§ WHAT YOU WILL DO:
Give the data again exactly as it appears.

§ DATA EXCERPTS:
-*-
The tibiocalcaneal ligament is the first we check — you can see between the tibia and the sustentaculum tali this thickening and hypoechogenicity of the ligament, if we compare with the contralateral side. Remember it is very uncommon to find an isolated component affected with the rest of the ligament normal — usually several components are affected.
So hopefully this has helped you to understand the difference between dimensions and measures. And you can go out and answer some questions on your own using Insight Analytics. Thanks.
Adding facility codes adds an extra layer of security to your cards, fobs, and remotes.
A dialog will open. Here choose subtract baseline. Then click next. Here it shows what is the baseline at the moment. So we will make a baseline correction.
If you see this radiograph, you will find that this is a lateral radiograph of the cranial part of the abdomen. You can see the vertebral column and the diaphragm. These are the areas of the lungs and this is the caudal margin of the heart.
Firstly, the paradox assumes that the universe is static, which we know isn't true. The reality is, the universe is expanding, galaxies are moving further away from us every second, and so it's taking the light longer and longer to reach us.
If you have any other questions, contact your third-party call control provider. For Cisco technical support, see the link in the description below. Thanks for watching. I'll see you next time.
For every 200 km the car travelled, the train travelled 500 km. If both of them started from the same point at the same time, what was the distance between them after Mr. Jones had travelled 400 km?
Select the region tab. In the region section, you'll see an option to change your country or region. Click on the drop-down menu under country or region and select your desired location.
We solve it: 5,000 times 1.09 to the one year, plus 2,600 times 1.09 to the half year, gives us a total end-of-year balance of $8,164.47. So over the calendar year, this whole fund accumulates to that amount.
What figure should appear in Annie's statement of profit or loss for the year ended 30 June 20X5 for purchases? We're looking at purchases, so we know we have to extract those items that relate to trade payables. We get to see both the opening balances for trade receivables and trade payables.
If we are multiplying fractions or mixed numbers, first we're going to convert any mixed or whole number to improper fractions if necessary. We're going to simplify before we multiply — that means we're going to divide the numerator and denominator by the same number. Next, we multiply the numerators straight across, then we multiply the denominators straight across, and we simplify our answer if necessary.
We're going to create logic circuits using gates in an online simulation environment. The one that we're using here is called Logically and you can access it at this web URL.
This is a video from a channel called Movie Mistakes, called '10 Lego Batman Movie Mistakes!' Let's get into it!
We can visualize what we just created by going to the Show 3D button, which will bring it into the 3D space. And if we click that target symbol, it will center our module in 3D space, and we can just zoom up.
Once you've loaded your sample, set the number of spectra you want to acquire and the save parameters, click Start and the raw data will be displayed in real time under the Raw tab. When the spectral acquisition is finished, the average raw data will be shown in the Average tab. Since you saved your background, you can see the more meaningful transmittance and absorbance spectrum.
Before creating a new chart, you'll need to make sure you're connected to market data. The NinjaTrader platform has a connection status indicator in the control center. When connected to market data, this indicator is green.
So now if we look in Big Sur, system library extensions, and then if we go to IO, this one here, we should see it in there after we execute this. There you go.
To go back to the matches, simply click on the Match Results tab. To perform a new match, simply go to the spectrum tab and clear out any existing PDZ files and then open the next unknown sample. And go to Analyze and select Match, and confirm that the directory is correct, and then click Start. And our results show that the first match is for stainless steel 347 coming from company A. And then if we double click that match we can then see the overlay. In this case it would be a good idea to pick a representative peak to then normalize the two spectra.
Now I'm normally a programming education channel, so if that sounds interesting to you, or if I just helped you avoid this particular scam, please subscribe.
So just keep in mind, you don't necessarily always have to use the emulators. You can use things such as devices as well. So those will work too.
-*-
§ OUTPUT FOR THIS TASK:
The tibiocalcaneal ligament is the first we check — you can see between the tibia and the sustentaculum tali this thickening and hypoechogenicity of the ligament, if we compare with the contralateral side. Remember it is very uncommon to find an isolated component affected with the rest of the ligament normal — usually several components are affected.
So hopefully this has helped you to understand the difference between dimensions and measures. And you can go out and answer some questions on your own using Insight Analytics. Thanks.
Adding facility codes adds an extra layer of security to your cards, fobs, and remotes.
A dialog will open. Here choose subtract baseline. Then click next. Here it shows what is the baseline at the moment. So we will make a baseline correction.
If you see this radiograph, you will find that this is a lateral radiograph of the cranial part of the abdomen. You can see the vertebral column and the diaphragm. These are the areas of the lungs and this is the caudal margin of the heart.
Firstly, the paradox assumes that the universe is static, which we know isn't true. The reality is, the universe is expanding, galaxies are moving further away from us every second, and so it's taking the light longer and longer to reach us.
If you have any other questions, contact your third-party call control provider. For Cisco technical support, see the link in the description below. Thanks for watching. I'll see you next time.
For every 200 km the car travelled, the train travelled 500 km. If both of them started from the same point at the same time, what was the distance between them after Mr. Jones had travelled 400 km?
Select the region tab. In the region section, you'll see an option to change your country or region. Click on the drop-down menu under country or region and select your desired location.
We solve it: 5,000 times 1.09 to the one year, plus 2,600 times 1.09 to the half year, gives us a total end-of-year balance of $8,164.47. So over the calendar year, this whole fund accumulates to that amount.
What figure should appear in Annie's statement of profit or loss for the year ended 30 June 20X5 for purchases? We're looking at purchases, so we know we have to extract those items that relate to trade payables. We get to see both the opening balances for trade receivables and trade payables.
If we are multiplying fractions or mixed numbers, first we're going to convert any mixed or whole number to improper fractions if necessary. We're going to simplify before we multiply — that means we're going to divide the numerator and denominator by the same number. Next, we multiply the numerators straight across, then we multiply the denominators straight across, and we simplify our answer if necessary.
We're going to create logic circuits using gates in an online simulation environment. The one that we're using here is called Logically and you can access it at this web URL.
This is a video from a channel called Movie Mistakes, called '10 Lego Batman Movie Mistakes!' Let's get into it!
We can visualize what we just created by going to the Show 3D button, which will bring it into the 3D space. And if we click that target symbol, it will center our module in 3D space, and we can just zoom up.
Once you've loaded your sample, set the number of spectra you want to acquire and the save parameters, click Start and the raw data will be displayed in real time under the Raw tab. When the spectral acquisition is finished, the average raw data will be shown in the Average tab. Since you saved your background, you can see the more meaningful transmittance and absorbance spectrum.
Before creating a new chart, you'll need to make sure you're connected to market data. The NinjaTrader platform has a connection status indicator in the control center. When connected to market data, this indicator is green.
So now if we look in Big Sur, system library extensions, and then if we go to IO, this one here, we should see it in there after we execute this. There you go.
To go back to the matches, simply click on the Match Results tab. To perform a new match, simply go to the spectrum tab and clear out any existing PDZ files and then open the next unknown sample. And go to Analyze and select Match, and confirm that the directory is correct, and then click Start. And our results show that the first match is for stainless steel 347 coming from company A. And then if we double click that match we can then see the overlay. In this case it would be a good idea to pick a representative peak to then normalize the two spectra.
Now I'm normally a programming education channel, so if that sounds interesting to you, or if I just helped you avoid this particular scam, please subscribe.
So just keep in mind, you don't necessarily always have to use the emulators. You can use things such as devices as well. So those will work too.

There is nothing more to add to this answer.